Today we’re going to have a gool ol’ talk entitled “Cleaning Your Incubator – DO IT”! We don’t have any styrofoam incubators, so these directions may not apply to everyone. However, I will say this…styrofoam incubators need to be kept up constantly. The best way to make cleanup easy is to have a plastic liner or use aluminum foil (with holes for air flow) in the bottom.
Read more to get started in your incubator/hatcher cleaning efforts!
Cleaning Your Cabinet Incubator/Hatcher
- Remove any eggs, egg shells, chicks, thermometers, trays, etc. This may seem obvious, but is your number 1 step. It’s best to clean your incubator/hatcher when you don’t have any critter life forms developing. Trying to clean around chicks WILL result in killing your chicks.
- Mix 1 gallon of water with 1/4 cup of bleach (or other sanitization product)
- Put on your kitchen gloves and grab some scrub brushes and towels! THIS IS ABOUT TO GET PERSONAL!
- Dip your brush into the bleach-water mixture.

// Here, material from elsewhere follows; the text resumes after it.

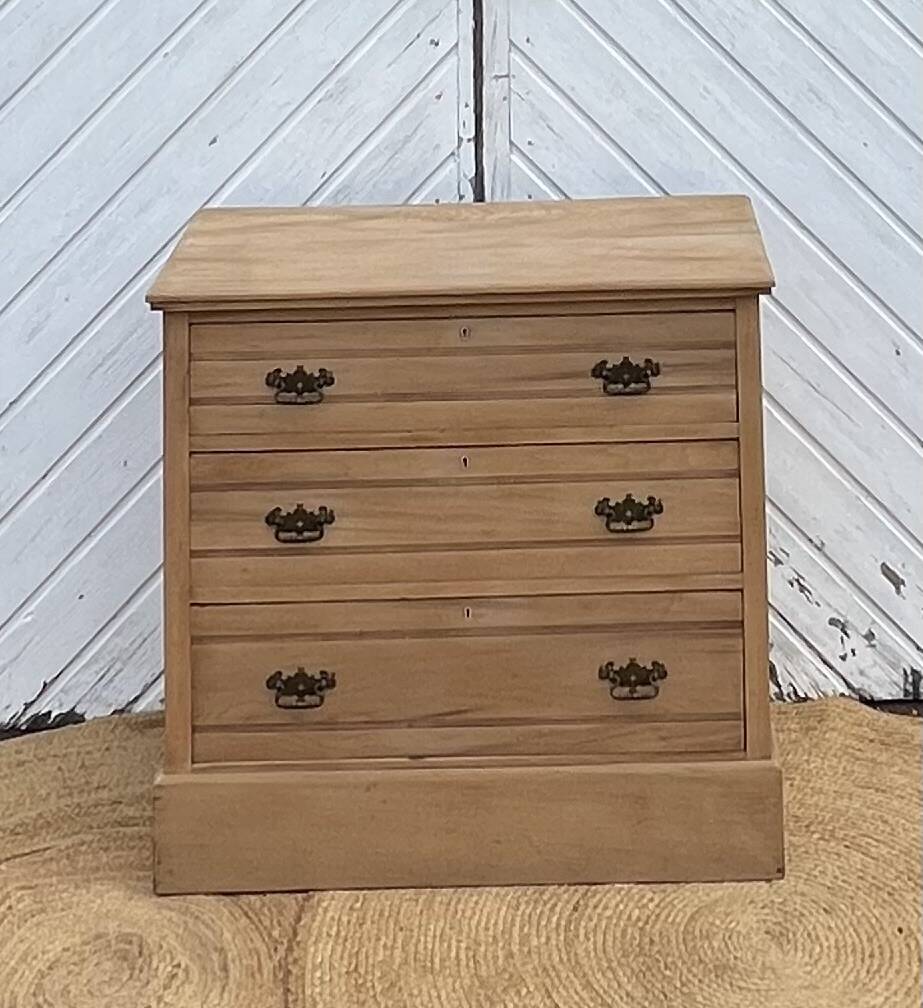 Antique chest of drawers in raw solid wood with 3 drawers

- Thoroughly scrub out your incubator/hatcher of any chick poopie or other stuck-on debris. The sooner you get those things scrubbed out, the easier it is. If it’s been sitting in your incubator for months, be ready to scrub harder.
- Don’t just scrub down the bottom. Check the sides and the top! Paying attention to details will save you extra work in the future. If you don’t need to scrub anything, feel free to switch to a dampened towel (using bleach-water mixture).
- Next up are the trays. If your trays are pretty dirty, go outside and hose them down first. Next, use the bleach-water mixture to sanitize the trays.
- You’ll also want to clean out your incubator/hatcher’s water container. Scrub-a-dub-dub.
- You’re hard work is pretty much done! Put your incubator/hatcher back together (water tub, trays, thermometers, etc). DONT PUT THE CHICKS/EGGS back in! Keep the incubator/hatcher open and allow it to dry thoroughly.
- Now that your work is done and dried, feel free to put your eggs and/or chicks back in.
Why Did I Do All That?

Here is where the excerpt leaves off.